I finished putting together my case of wine. It consists of 9 big ass barossa shiraz's, a cab, grenache, and zin. I could put together two more cases of great wine from varietals other than Shiraz, but damnit, I'm in the Barossa Valley. Not bringing home a plethora of big Shiraz would be like going to Oregon and not brining home Pinot and Ninkasi, or Texas and not bringing home a gun rack and Shiner, Or Rombaur and not bringing back a bottle of popcore butter, or chicago and not bringing home Ian Fowler. You see, Shiraz is just a must(thats a wine pun people). 

Thats a lot of Barrels.
Work has been going well since vintage ended and some of the other casuels have gone their seperate ways, not saying I dont miss them, but work has calmed down even a notch more. If I have learned anything in the last week, its that "wine is not made only durring vintage". yes we turn grapes into an alcoholic drink we call wine durring vintage, but there are so many other things that go into making a finished wine a finished wine. Working outside of harvest like I am now, you see those things in practice. I'm not going to elaborate on what I have learned, but trust that it has to do with wine.

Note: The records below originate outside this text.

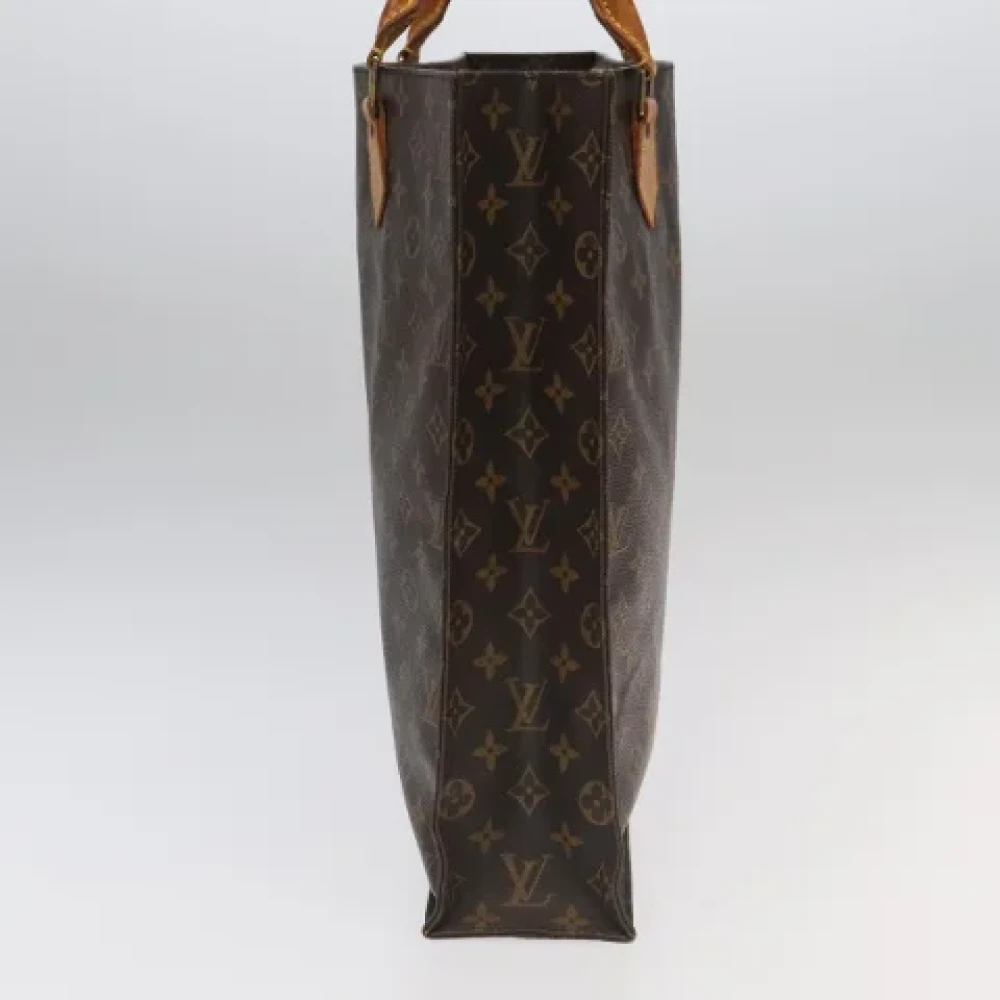 Louis Vuitton Vintage Pre-owned Canvas handbags Brown Dames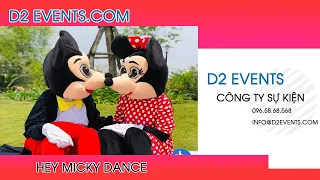 Vũ điệu MICKEY DANCE | Cho Thuê Nhóm Múa | Nhóm Nhảy Chương Trình Cho Thiếu Nhi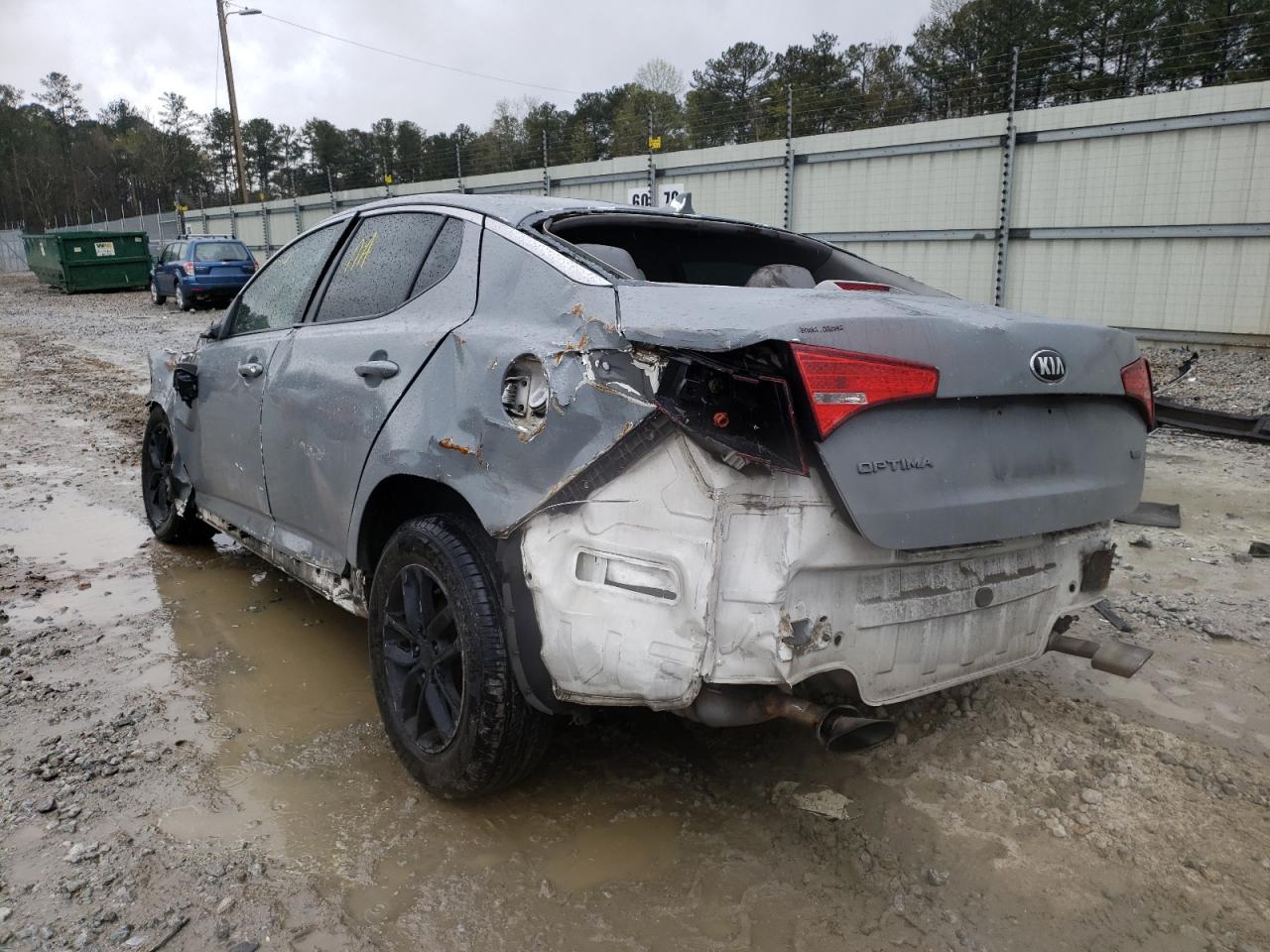 Photo 3 from auction – 2013 KIA OPTIMA LX with VIN KNAGM4A74D5363980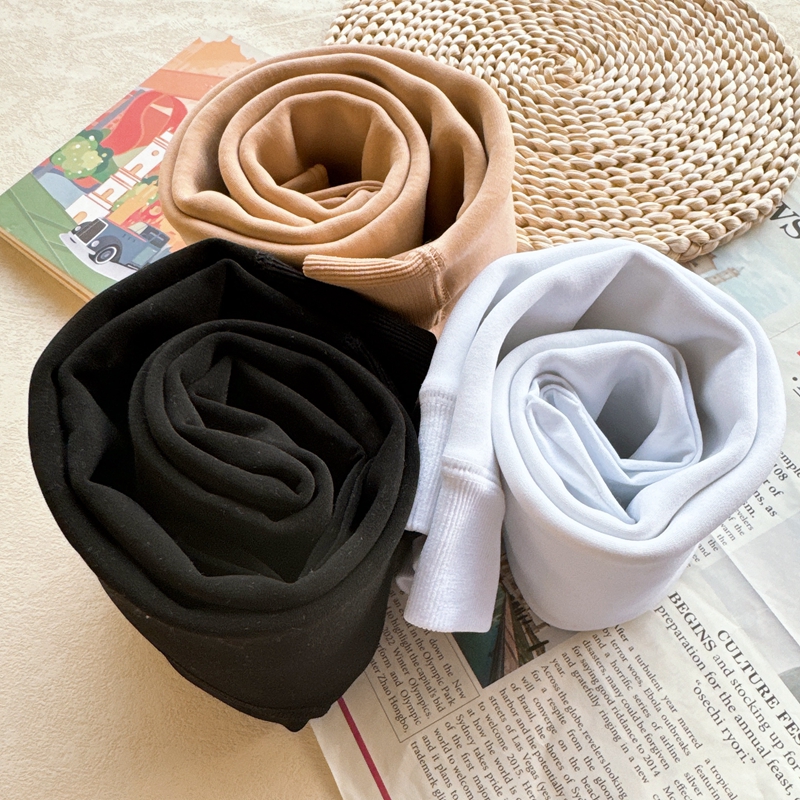 儿童舞蹈专用加绒跳舞袜薄绒连裤袜天鹅绒白色女童丝袜加厚秋冬款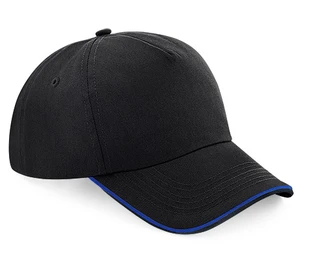 Authentic 5 Panel Cap - Piped Peak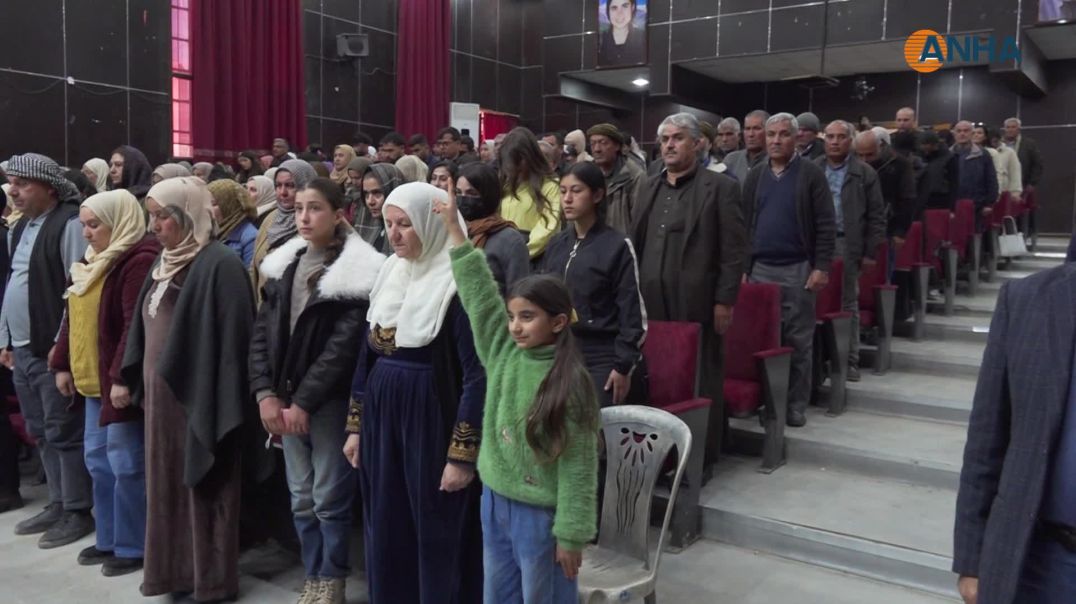 ⁣أهالي روج آفا يستذكرون شهداء أسبوع البطولة-كوباني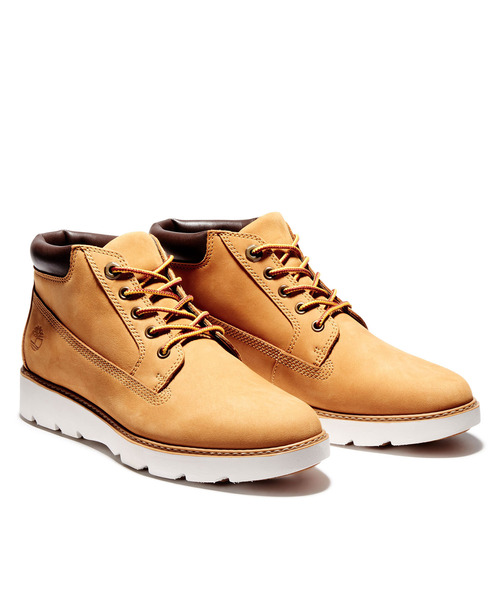 Timberland(ティンバーランド)の「レディース キーリー フィールド チャッカ ブーツ - ウィート(ブーツ・レディース・ウィート・24.5cm/22.5cm/23.0cm/25.5cm/23.5cm/24.0cm/25.0cm)」の6枚目の写真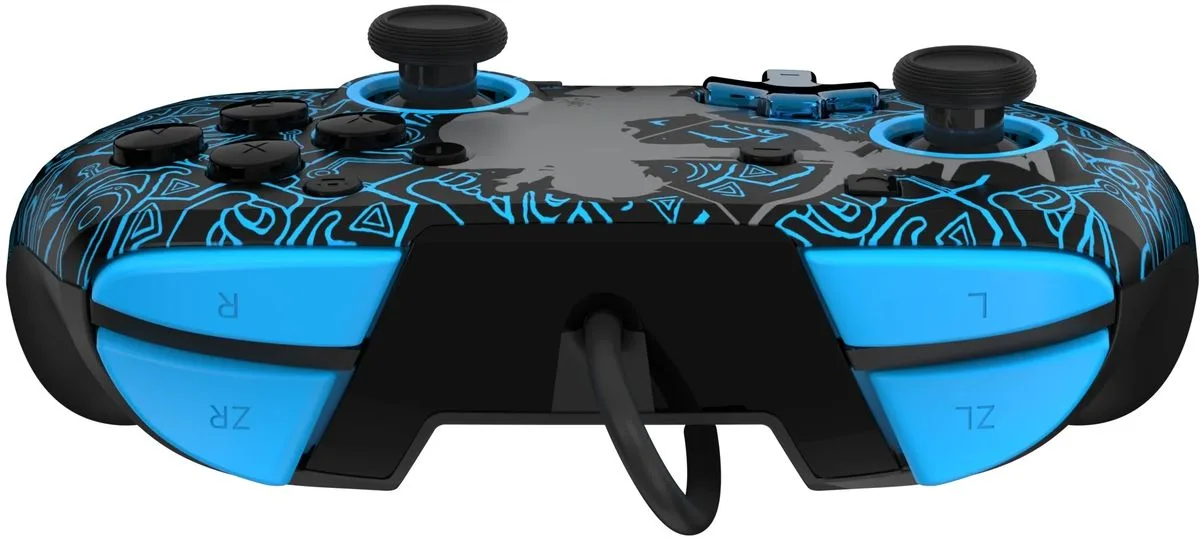 PDP Rematch Glow Link Manettes de jeu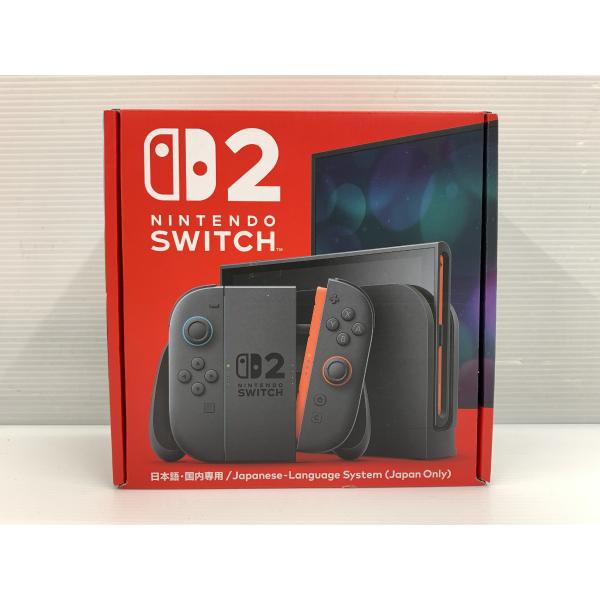 Nintendo Switch Switch2 本体 日本語版 ニンテンドースイッチ2 未使用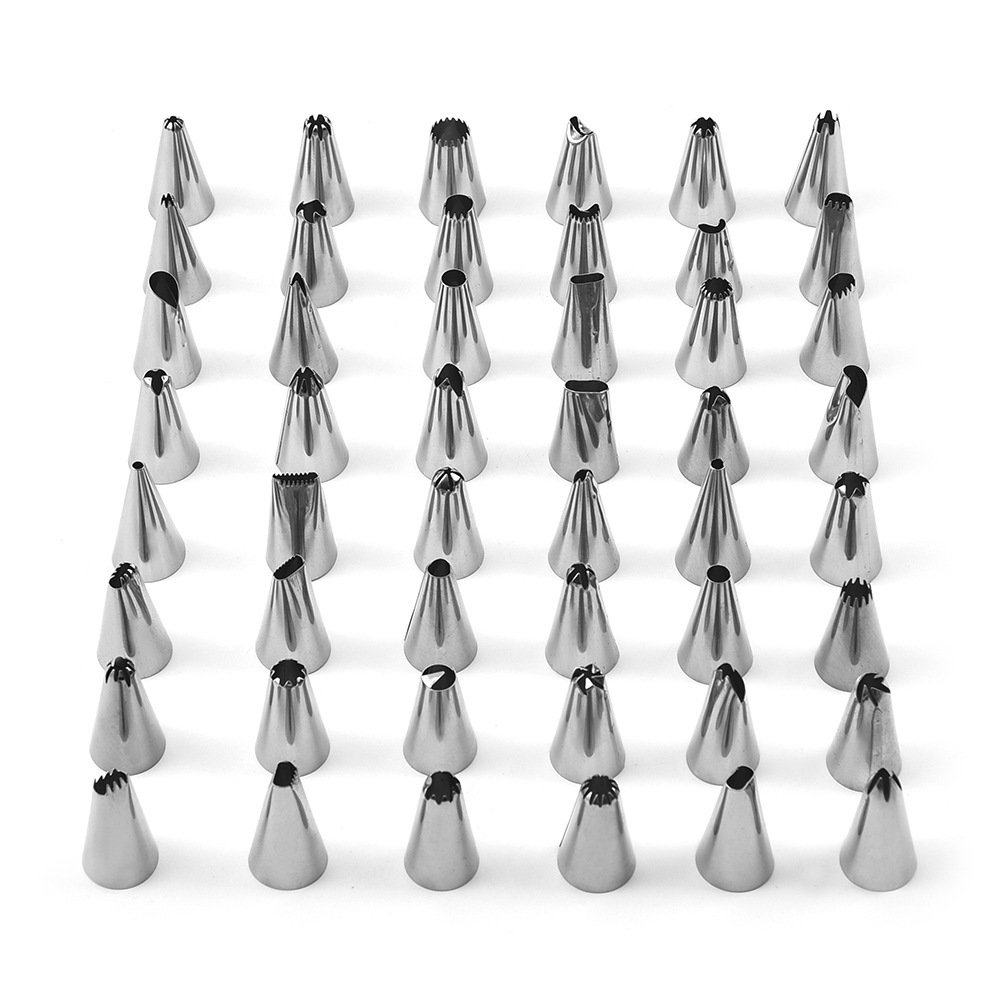 80 pcs Baking Pastry Cake Tools Accessories Reposteria Cake Decorating Supplies Kit Set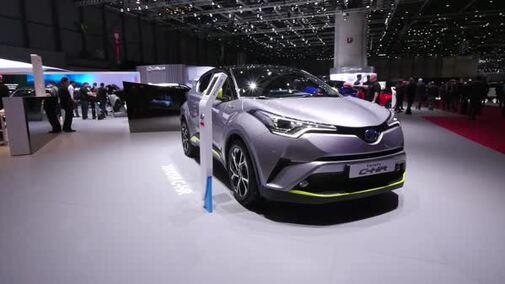 Rynkowy sukces Toyoty C-HR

The one part about being out of vintage (more out of the busy workload of vintage) is the ability to taste so many of our wines. Many of them are finishing malolactic fermentation (if they are destined to do so) and are getting tasted and graded for final blends. I get to taste a lot of what the winemakers are tasting, which is very important for me to learn/practice as a wannabe winemaker. I got to participate in a comparative tasting of 12 or so wines all in the same style and same pricepoint but from different producers (including our own) to see how ours stacks up. these are done blind then at the end we compare notes on each wine and reveal which was which. Only through lots of practice will you develope a palate to be able to pick up on certain aspects of the wine. I'm trying to get lots and lots of practice. Over the next month i'll be able to taste many of the blends that the winemakers come up with and the why's and why nots of the blending peices. Thats pretty much all for now. The two things on my agenda are starting up graduate school research and applications to various winemaking schools and post Barossa travel plans. Matt and I are going to sit down tomorrow and book a few things. I know it will consist of Tasmania, Brisbane, Byron Bay, and Sydney. Again, we plan little but execute perfectly.